Но для работы «Мальчик», помимо ее значимых формальных качеств, исключительно важен содержательный план. Образ мальчика дан как ответ на стандартизацию общества при советской власти, и шире — в двадцатом столетии. В нем чувствуется предвестие соц-арта, в котором социальная и языковая критика займет центральное место. Помимо этого, для Кабакова детский образ связан с адресатом его рисунков по линии основной, «официальной» деятельности — иллюстрирования детских книг. Можно сказать, что именно в рамках детской темы выкристаллизовывается метод его работы над концептуальными альбомами в 1970-х годах. Суждение Кабакова не назвать безоценочным: сам он в своем тексте обозначает монструозный характер персонажа. Этот персонаж с непропорционально великой по отношению к груди и рукам головой — нечто большее, чем просто мальчик или даже символ детства. Упитанный, с ярко выраженными надбровными дугами, с идеально круглыми глазками, также обозначенными пунктиром, странный человечек на самом деле как будто скрывает некую тайну человека вообще, подобно персонажам Олега Целкова или Вадима Сидура. Его лицо — это прежде всего огромная маска, в которой ощущается выразительность и мощь непонятной природы. Вместе с тем, розовый рельеф на белом как будто отсылает к стандартным формам индустрии той эпохи, например, пластиковым предметам, незадолго до того вошедшим в обиход во всем мире.

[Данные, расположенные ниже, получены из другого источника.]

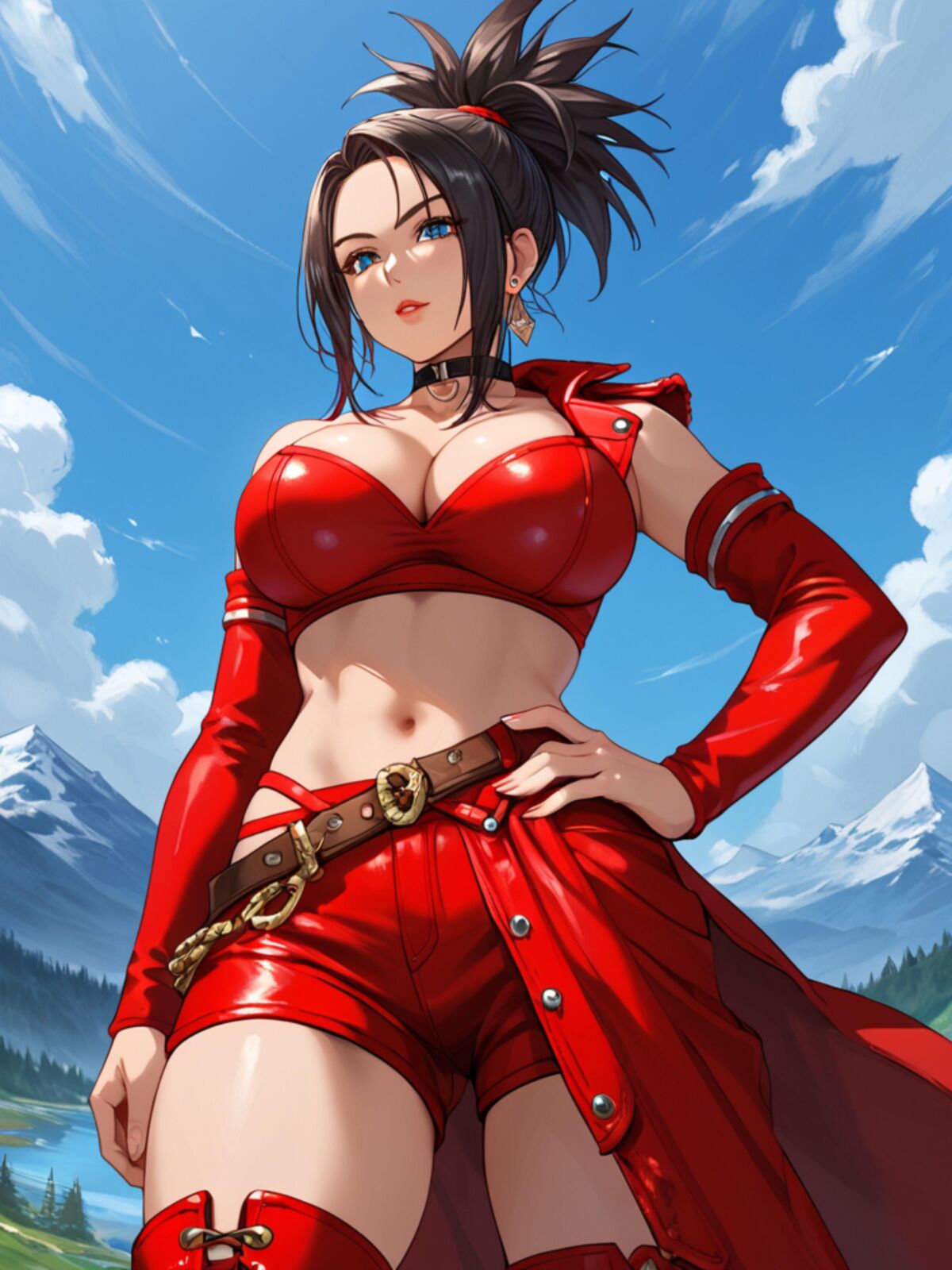 Dragon Quest Hentai Red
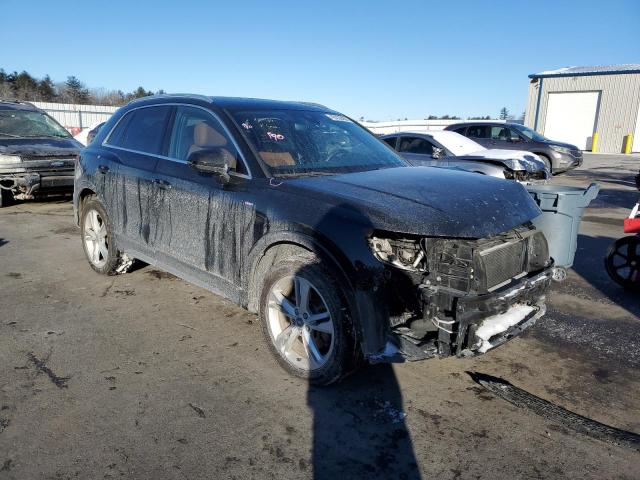  AUDI Q3 2021 Черный
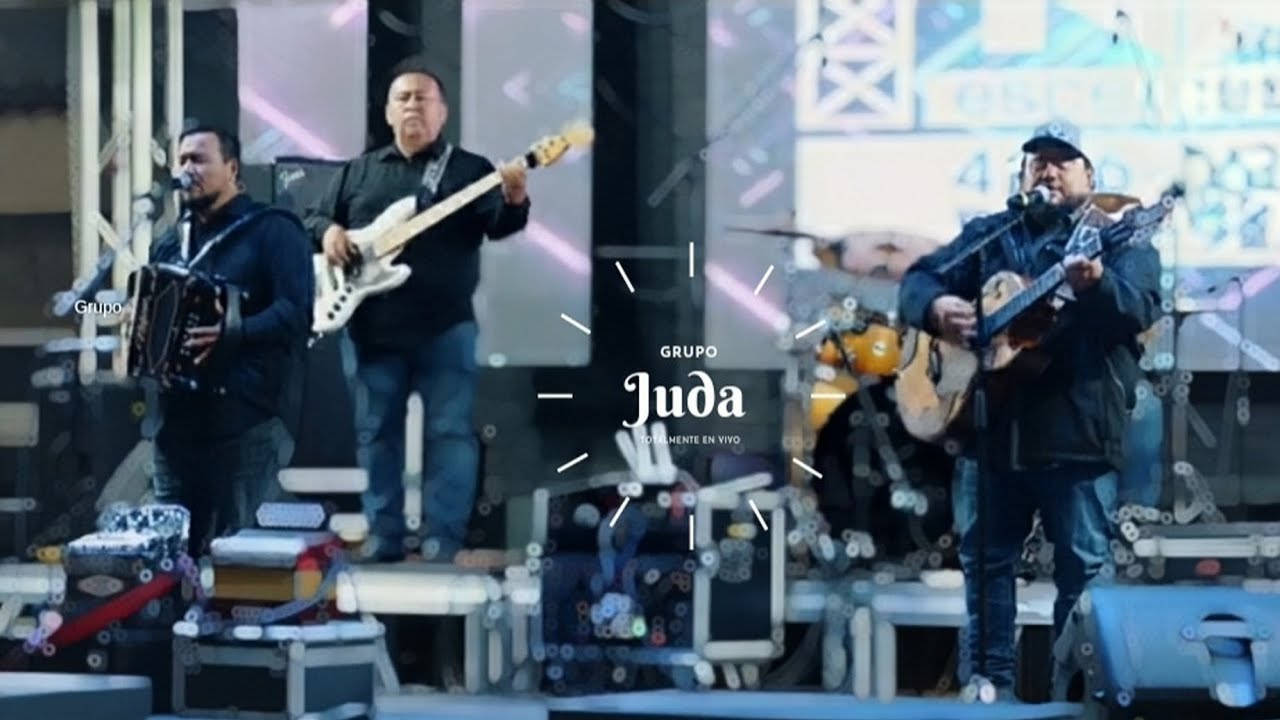 GRUPO JUDA,  TOTALMENTE  EN VIVO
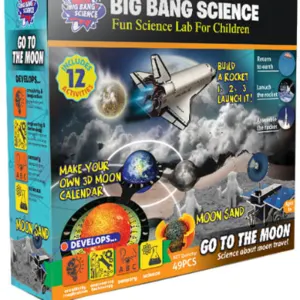 GO TO THE MOON|space exploration Toys|Alpha science toys by XinXiang Alpha Manufacturing Ltd
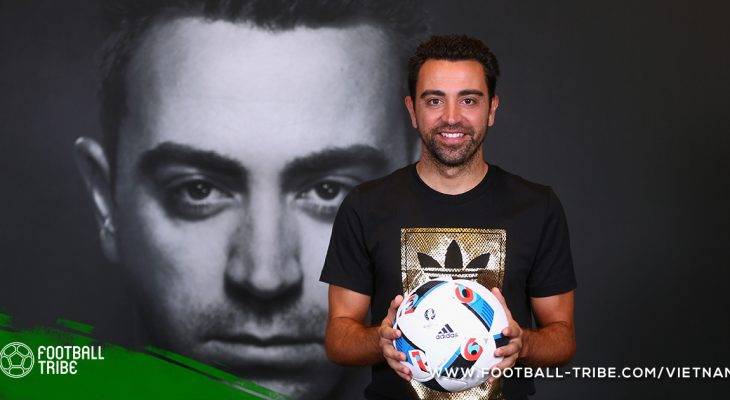 Xavi: “Man City đang chơi với DNA của Barca”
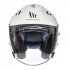 Casca open face motociclete MT Avenue SV alb lucios (ochelari soare integrati) [3]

Принципиальную роль — и в данной работе, и во всем творчестве Кабакова — играет белый цвет фона, для которого использована матовая белая нитроэмалевая краска. Это цвет, обладающий метафизическим измерением, связанный с размышлениями о пустоте, в которую погружены все предметы видимого мира. Кабаков задействует его как образ чистого света, сияния самого пространства искусства во многих рисунках, в листах альбомов и в ключевых живописных объектах этого времени.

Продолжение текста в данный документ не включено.